Routing Electrical Cable With Access

If you are fortunate enough to have access from a basement, crawlspace, or attic, plan to run the cable along joists or beams (or through holes drilled in them). In this way, you will be able to “fish” the cable through.

To fish a short run from below or a long run from above:

1Drill a small guide hole up through the ceiling or down through the floor to mark the location of the center of the hole for the new box.

2From the basement or attic, locate the guide hole. Using it as a reference point, drill a 3/4-inch hole into the wall-frame sole plate.

3Insert ”fish tape” or a wire through the box hole and up or down (whichever is applicable) through the drilled hole. Attach the cable to the tape or wire, securing it with electrical tape (to avoid the frustrating experience of dropping the cable midway through the pull), and draw it back through the box hole. You might find it helpful to have a second pair of hands to help with this part of the job and also to hold a flashlight to see that the run is clear before you begin the cable-fishing process.

Routing Electrical Cable With No Access

There are situations when you will be running new cable in an area that does not have access from above or below and therefore requires cutting into a wall or ceiling surface covering. While this is definitely doable, it does require a bit more consideration, planning, and patience.

There are many ways to route cable, but, if it passes through wood less than 1 1/4 inches from a finished surface, you will need to install 1/16-inch metal plates on the framing members to protect the cable from being damaged when the covering is replaced.

Routing cable behind a baseboard. Carefully remove the baseboard between box locations.
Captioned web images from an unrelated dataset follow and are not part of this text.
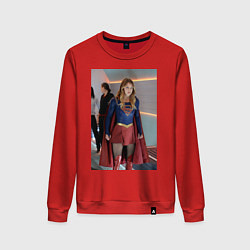 Свитшот хлопковый женский Supergirl, цвет: красный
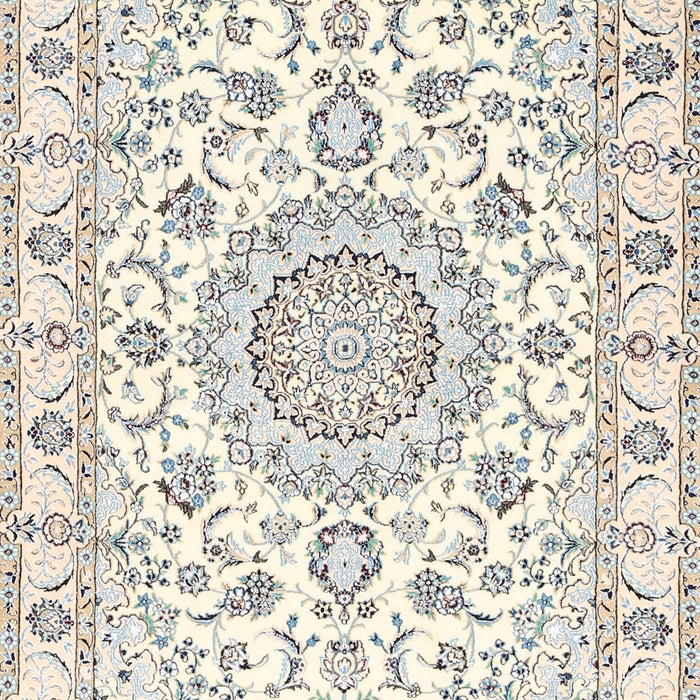 Traditional Blanched Almond Beige Medallion Rug, tr359
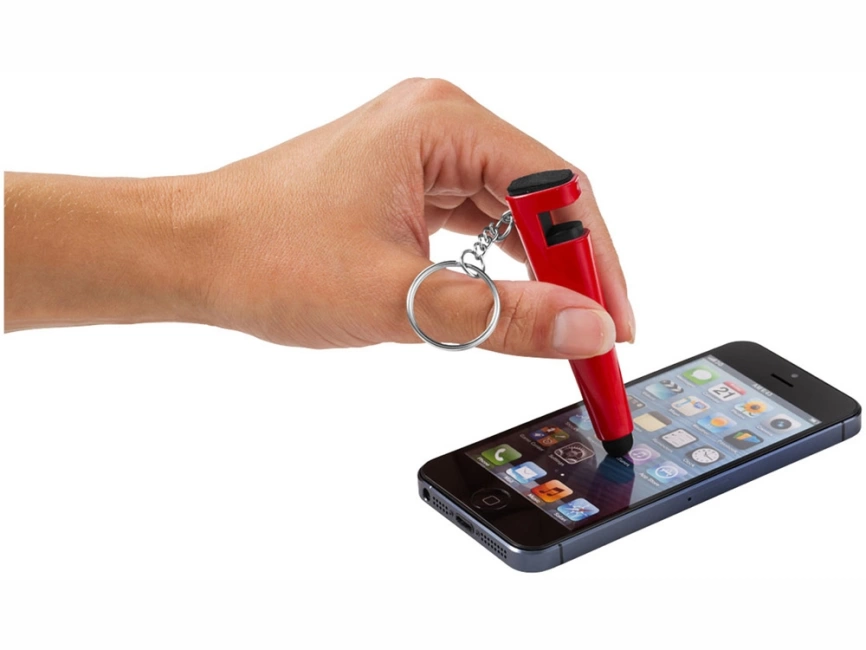 Очиститель экрана со стилусом и подставка для телефона 4 в 1, красный фото 5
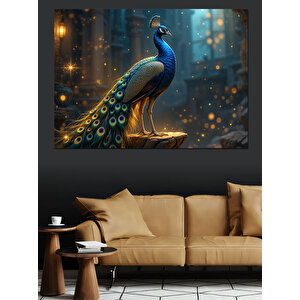 Parlak Kuyruklu Zarif Tavus Kuşu Dekoratif Kanvas - Mdf Ahşap Tablo 100x140 cm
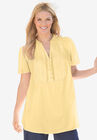 Pintucked Half-Button Tunic, BANANA, hi-res image number null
Next, cut away the wallboard and route cable along notches in the studs. Cover the cable with protective metal plates.

Routing cable along a wall. Cut the box hole(s) and then neatly cut a straight, narrow strip of the wall covering to expose the studs. Drill through the center of each stud and run the cable through the holes.

Running cable around a doorway. Remove the door casing and baseboard, and then run the cable between the doorjamb and rough framing, notching spacer blocks or shims to allow the cable clear passage.

Installing back-to-back devices. If you are installing a new box opposite an existing one, offset the new hole a few inches from the other. Pull the existing receptacle out of its box and route the cable through a knockout hole in it directly into the new box hole.

Routing Cable for a Light & Switch

You can extend a circuit to accommodate the addition of a ceiling light and switch. Keep in mind that this process involves three locations—the existing power source, the new light-switch box, and the new fixture box located in the ceiling.

1Position the fixture box between two ceiling joists and cut the hole for its location. Next, cut a hole for the switch box, and make a hole where the wall meets the ceiling. Drill a hole in the top plates. Now, cut an access channel along the baseboard between the switch box location and the power source.

2Run one cable between the power source and the switch-box hole. Next, “fish” a second cable from the switch hole to the access hole, doubling back along the baseboard.

3“Fish” from the fixture-box hole to the access hole via the drilled hole in the top plates. Attach the second cable and pull it through the access hole, the top plates, and out the fixture-box hole.